Focus on entertainment industry abuse

Advocacy group Bravehearts is happy the child sex abuse royal commission is looking into abuse in the entertainment industry.

Ballet

Source: AAP

Children have been sexually abused in the entertainment industry and child protection advocates say the same names keep popping up.

Bravehearts founder and CEO Hetty Johnston said the group had been providing police with the names of alleged offenders in the industry for many years and hoped victims would tell their stories to the child abuse royal commission.

"There's been names that have been circulating around for a long time," Ms Johnston told AAP on Monday.

"In the entertainment industry if you upset the director or the producer or your fellow actor - somebody who's got some clout in there - then that's your whole career on the line," she said.

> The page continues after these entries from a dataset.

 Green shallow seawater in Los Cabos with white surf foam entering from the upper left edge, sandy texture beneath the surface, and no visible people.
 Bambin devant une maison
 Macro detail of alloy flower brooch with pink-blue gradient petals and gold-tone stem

"Hopefully, it's an opportunity for those people who have suffered in this way to talk to the royal commission and provide some protection for the young people who are in that environment now."

The royal commission wants to hear from anyone who has experienced or has information about child sexual abuse in sections of the industry.

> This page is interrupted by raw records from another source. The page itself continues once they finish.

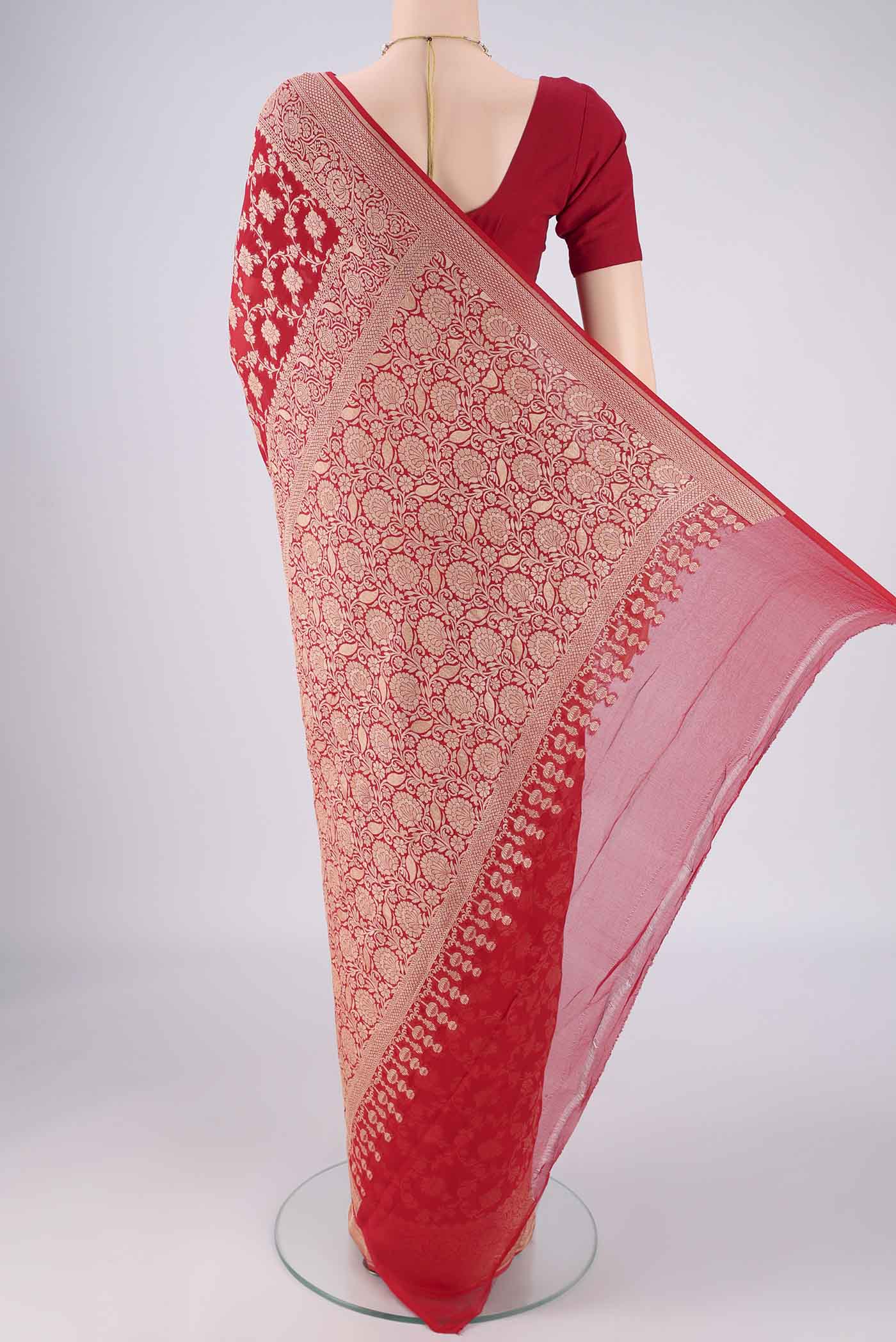 Flat view of Red Banarasi Georgette Saree with Zari Brocade on the body and Zari Border. 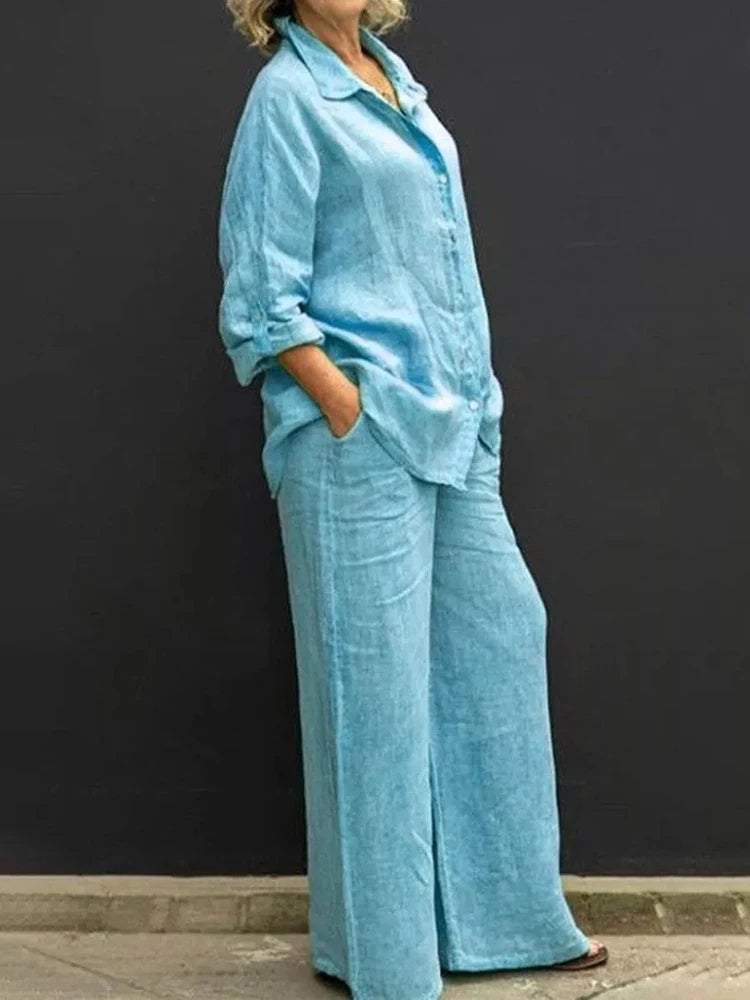 Close-up of the Petra linen shirt collar and full button front detail in blue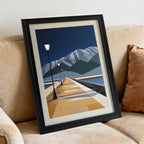 Geometric pier and mountain art print in a black frame, angled while resting on a tan fabric sofa with a rust-colored pillow.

Bravehearts ambassador and former child TV star Sarah Monahan last year paid tribute to the women who came forward to give evidence against Australian entertainer Rolf Harris, but said other industry figures, including in Australia, were yet to face justice.

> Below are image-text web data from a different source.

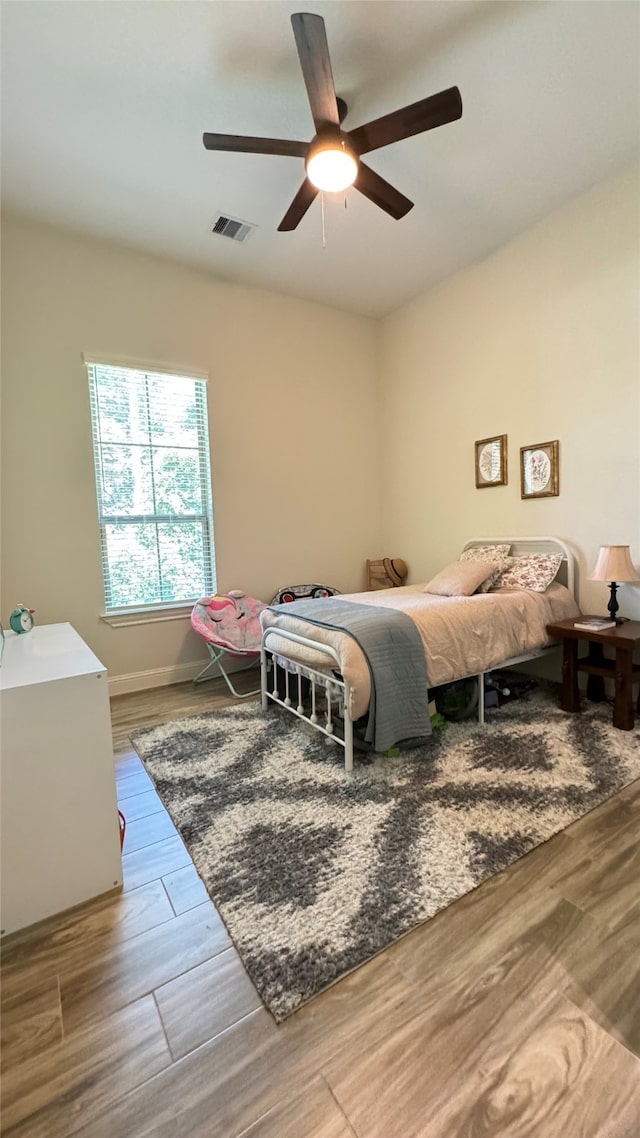 bedroom with ceiling fan and hardwood / wood-style floors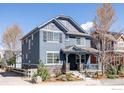 Side view of a two-story home, blue siding, gray accents, small well-maintained yard at 2879 Shadow Lake Rd, Lafayette, CO 80026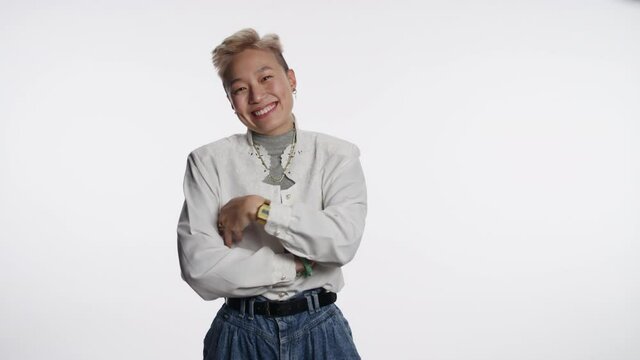Beautiful Asian person cracks up with infectious laugh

The on-screen daughter and abuse victim of former Hey Dad! star Robert Hughes said while there had been a shift in attitudes in recent years, there was still "a ways to go" in terms of people speaking out against celebrity sex crime perpetrators.

Hughes was last year jailed for the sexual and indecent assault of four young girls including Ms Monahan in the 1980s and 1990s but is appealing the conviction and sentence.

Harris, 85, was jailed in the UK for indecently assaulting four girls in Britain between 1968 and 1986.

During his lengthy trial another six women gave supporting evidence that Harris abused them in Australia, New Zealand and Malta but he was not charged over those alleged incidents because they occurred outside the UK.

Royal commission CEO Philip Reed said its investigation could include TV networks, film and TV production companies, theatrical production companies, casting agencies and dance, drama and performing arts schools.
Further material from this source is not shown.